Nowadays, machine learning approaches have become an integral part in a wide variety of technologies and use-cases, ranging through a lot of diverse fields: from healthcare to automotive, or from banking to supply chain optimization, arriving also at the point of directly influencing our everyday’s life (e.g. with smart-home devices, or even just with smartphones). In each of the aforementioned, usually, a big quantity of data needs to be collected, so that the various algorithms which are applied can provide better models and thus, give results that most of the times coincide with the "ground truth". To improve these performances, what is usually done by several companies developing machine learning-based solutions, is to cyclically train from zero their models with bigger quantities of data, which are accumulated by their platforms over time.

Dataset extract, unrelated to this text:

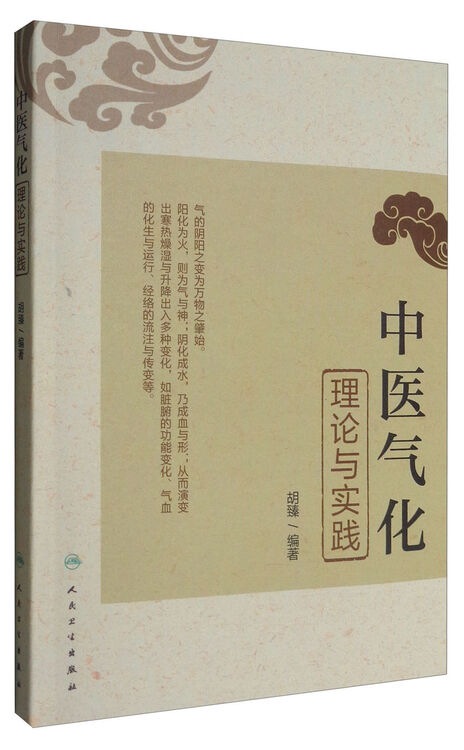 中医气化理论与实践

As it can be imagined, the process of defining an entirely new classifier after every predefined time window, can be expensive in terms of time and, more importantly, resources. In an era where companies, especially start-ups, rely on external infrastructures provided "as a service" to deliver their products to the customers, saving is of vital importance, and thus the training process mentioned above can’t be the best way to go. In this work, we collaborated with a small company to try and solve this issue, exploiting those approaches defined as incremental: a single classifier is kept over time and updates due to the presence of new data are applied directly to that instance, giving it thus the possibility to adapt to possible changes in data without the need of starting from the beginning the learning mechanism. The classifiers taken into consideration are the following three: Naïve-Bayes classifier, Random Forest classifier and Extra-Trees classifier. From our results, the performances are comparable to the ones obtained following the standard approaches, outlining so a new path that can be pursued for the implementation of this type of solutions.

Relatori: Paolo Garza
Anno accademico: 2020/21
Tipo di pubblicazione: Elettronica
Numero di pagine: 116
Soggetti:
Corso di laurea: Corso di laurea magistrale in Ingegneria Informatica (Computer Engineering)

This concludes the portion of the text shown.